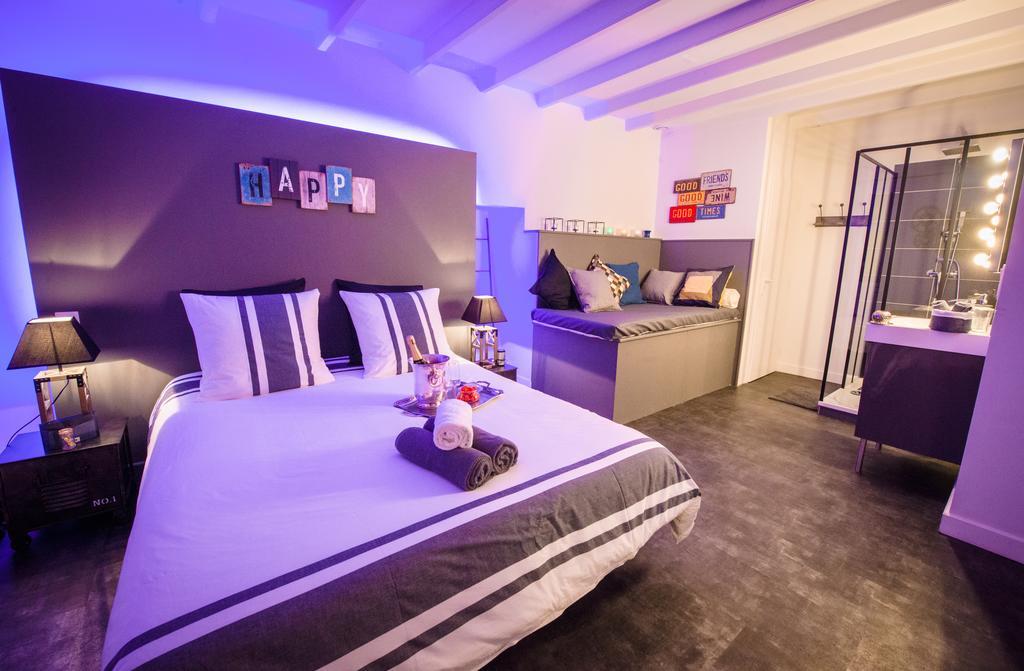 Deluxe Double Room Factory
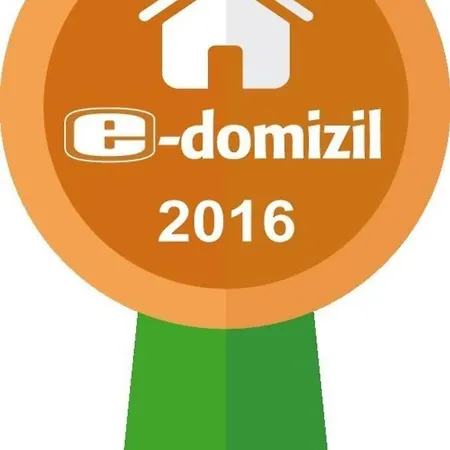 Апартаменты Schone Ferienwohnung In Mit Garten Und Grill *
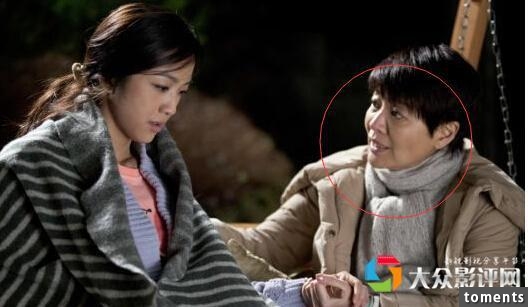 她曾和張艾嘉搶男人兩度離婚生女後與同性愛人愛得坦蕩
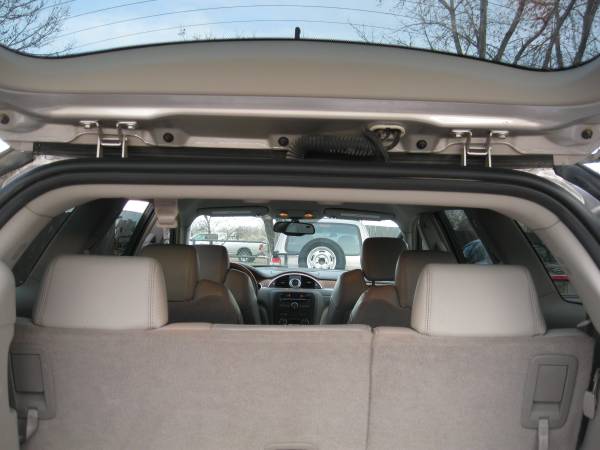 08 Buick Enclave CXL - cars & trucks - by owner - vehicle automotive... for sale in Great Falls, MT – photo 10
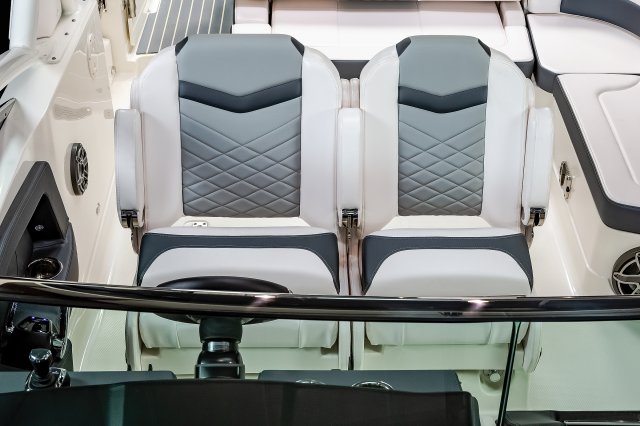 280 OSX - Helm Seats Folding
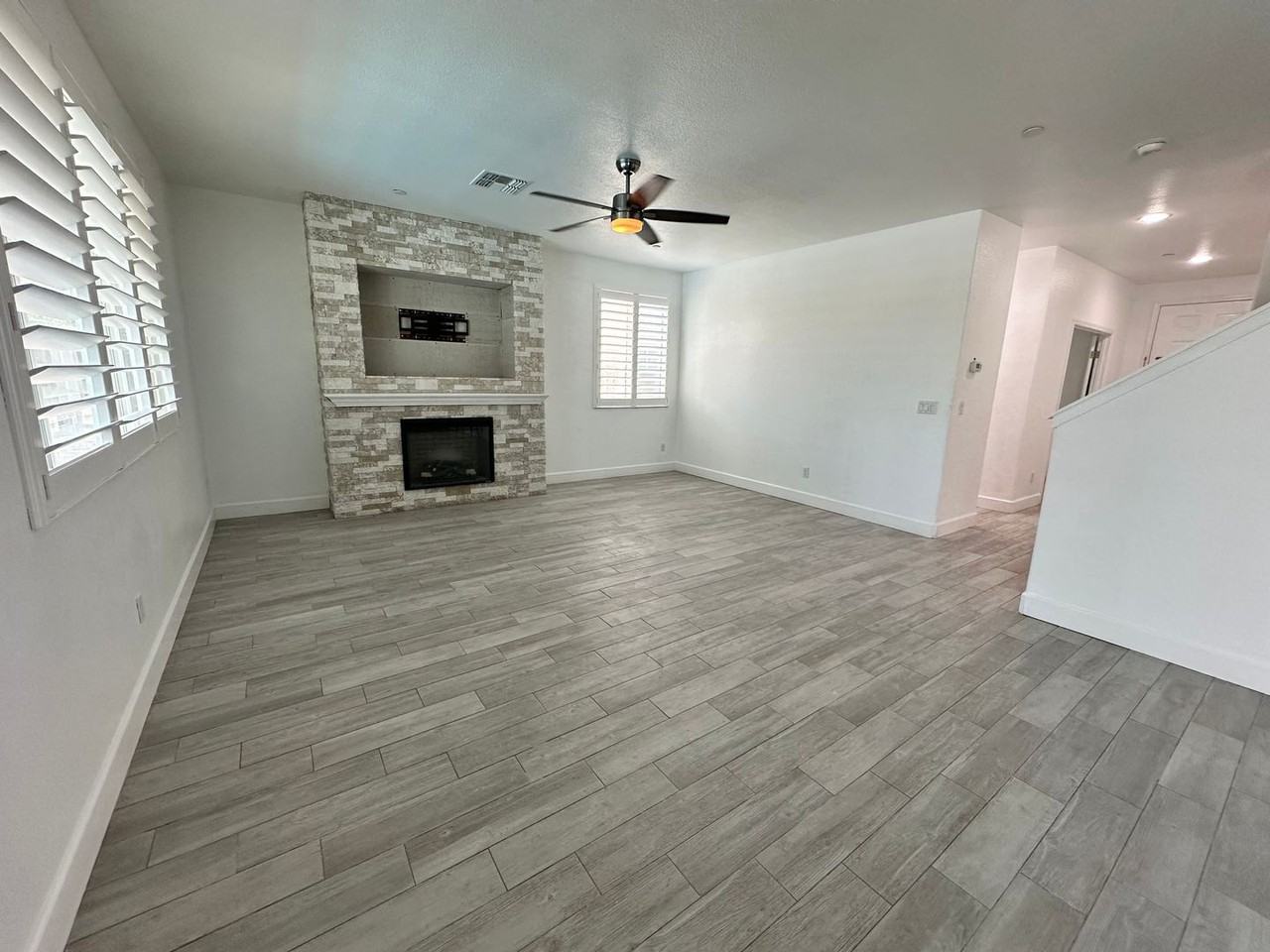 3726 N Shady Ct - Photo 7 of 18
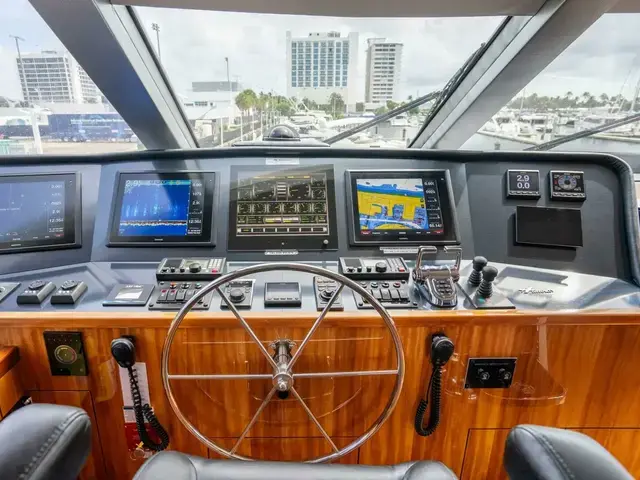 Hatteras 80 Motor Yacht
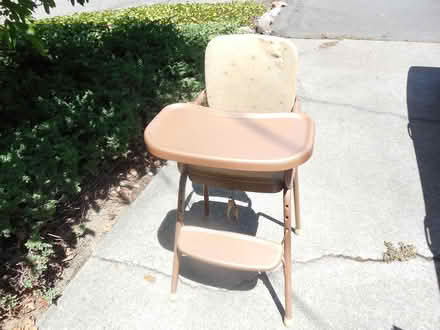 Photo of free High chair from circa 1959-1960 (Oakland) #1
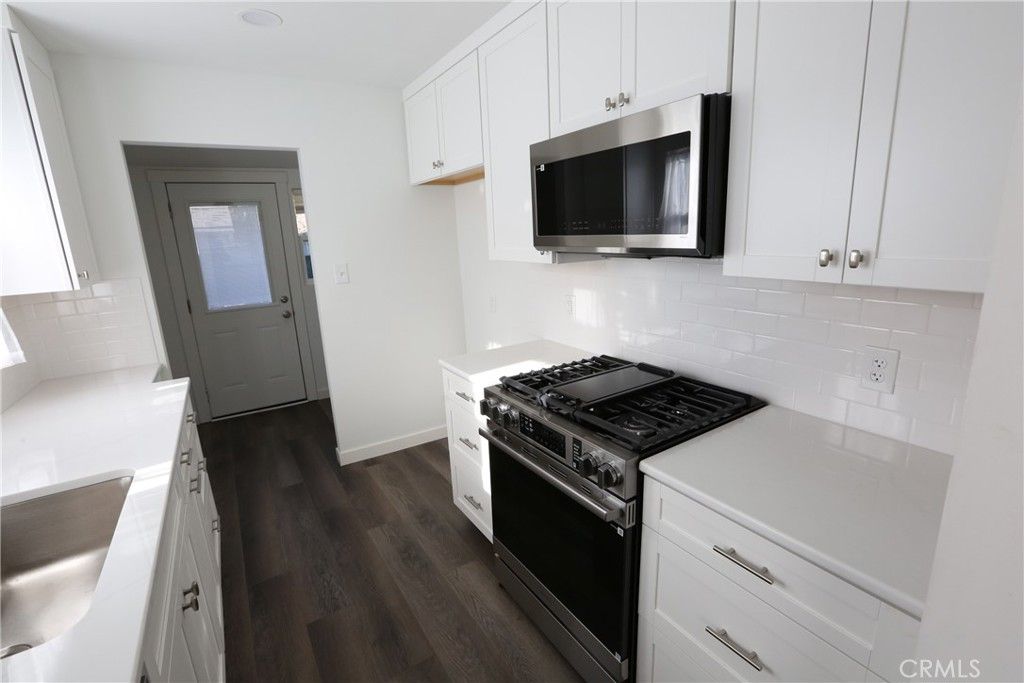 Image 10 of property listing at 436 W Elk Avenue, Glendale, CA 91204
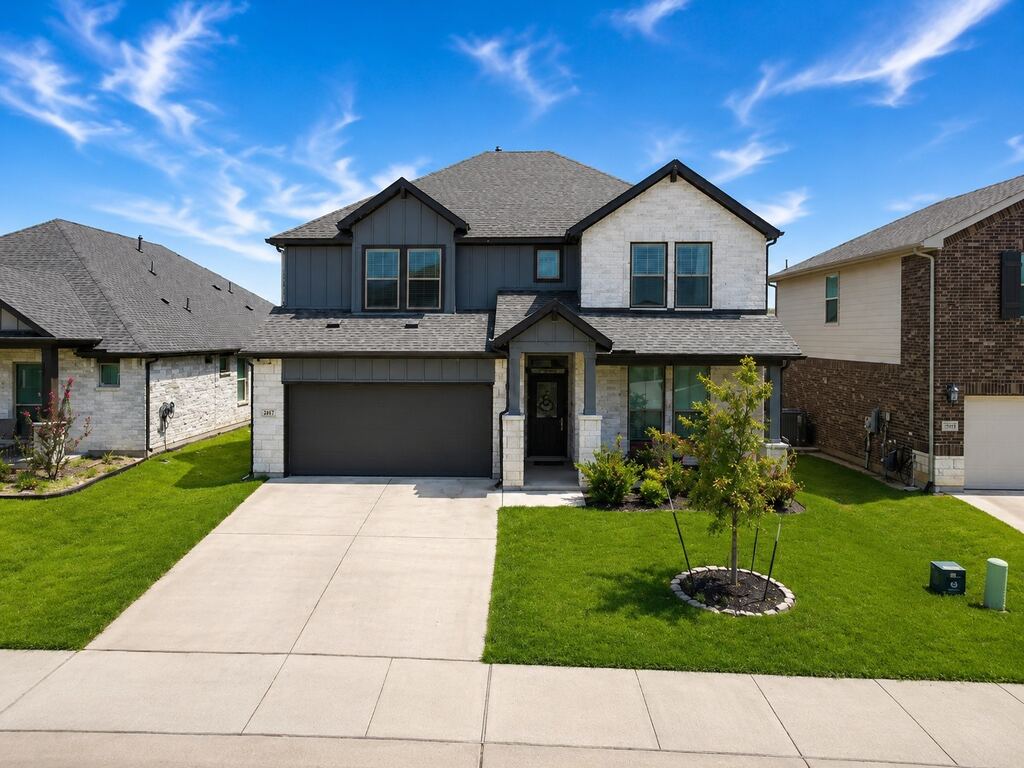 2417 Mankato Drive, Fort Worth, TX 76179 — photo 1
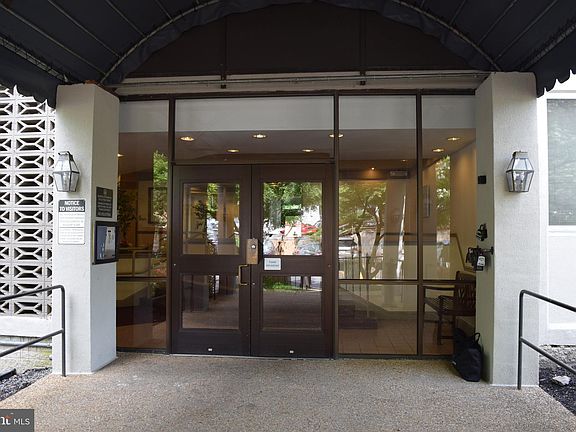 5th image of 4420 Briarwood Ct N APT 48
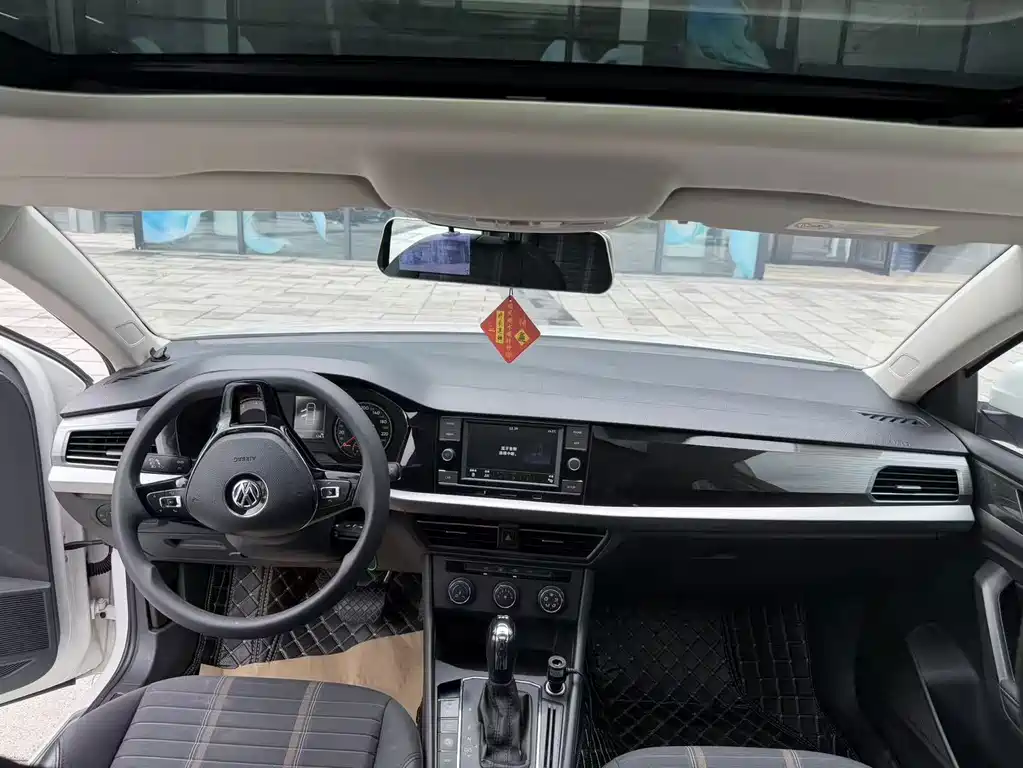 Volkswagen Lavida — миниатюра 10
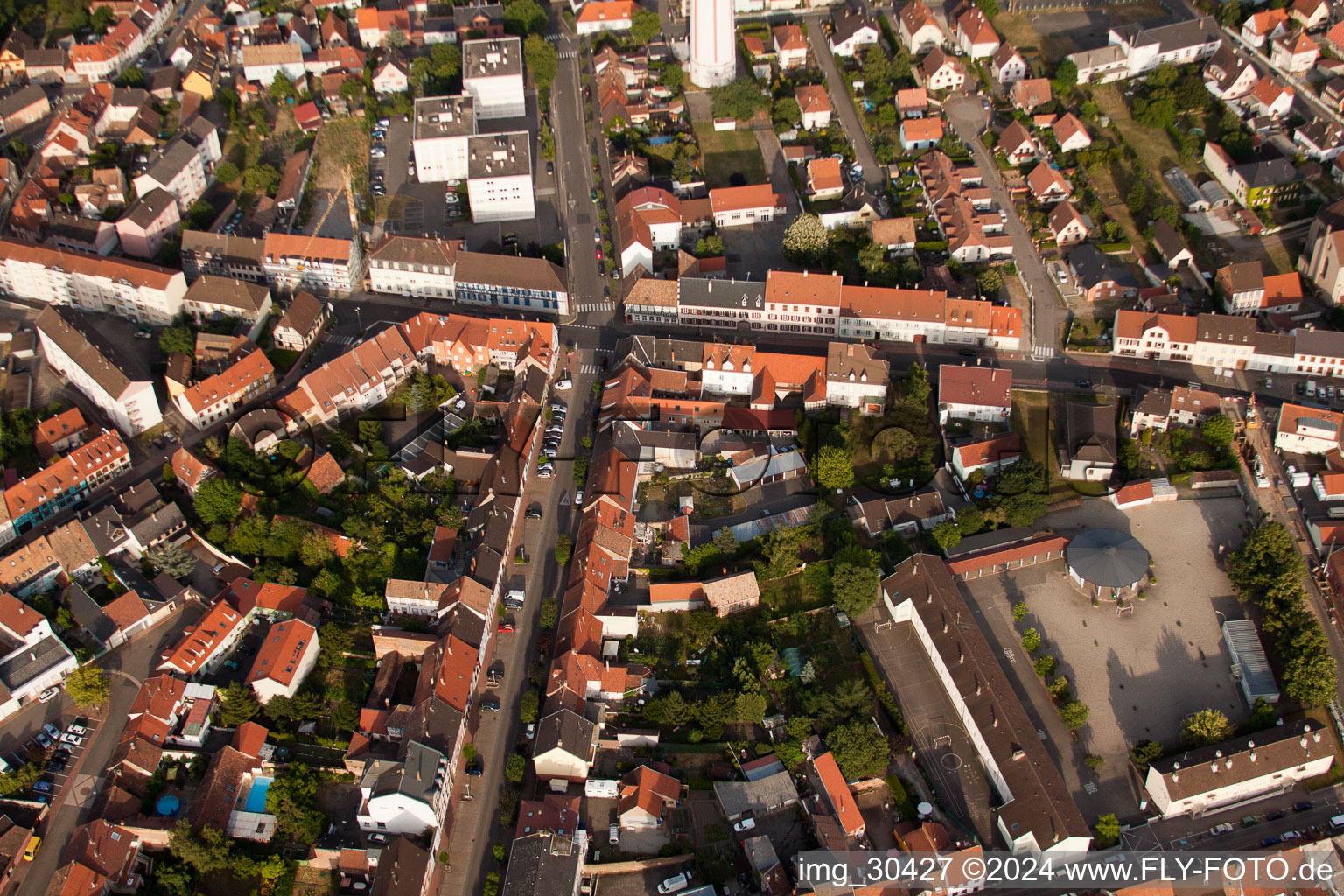 Image drone de Bischwiller dans le département Bas Rhin, France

_Task goal_
Each entry needs to be returned verbatim, with its pictures left out.

_Solution below_
 Deluxe Double Room Factory
 Апартаменты Schone Ferienwohnung In Mit Garten Und Grill *
 她曾和張艾嘉搶男人兩度離婚生女後與同性愛人愛得坦蕩
 08 Buick Enclave CXL - cars & trucks - by owner - vehicle automotive... for sale in Great Falls, MT – photo 10
 280 OSX - Helm Seats Folding
 3726 N Shady Ct - Photo 7 of 18
 Hatteras 80 Motor Yacht
 Photo of free High chair from circa 1959-1960 (Oakland) #1
 Image 10 of property listing at 436 W Elk Avenue, Glendale, CA 91204
 2417 Mankato Drive, Fort Worth, TX 76179 — photo 1
 5th image of 4420 Briarwood Ct N APT 48
 Volkswagen Lavida — миниатюра 10
 Image drone de Bischwiller dans le département Bas Rhin, France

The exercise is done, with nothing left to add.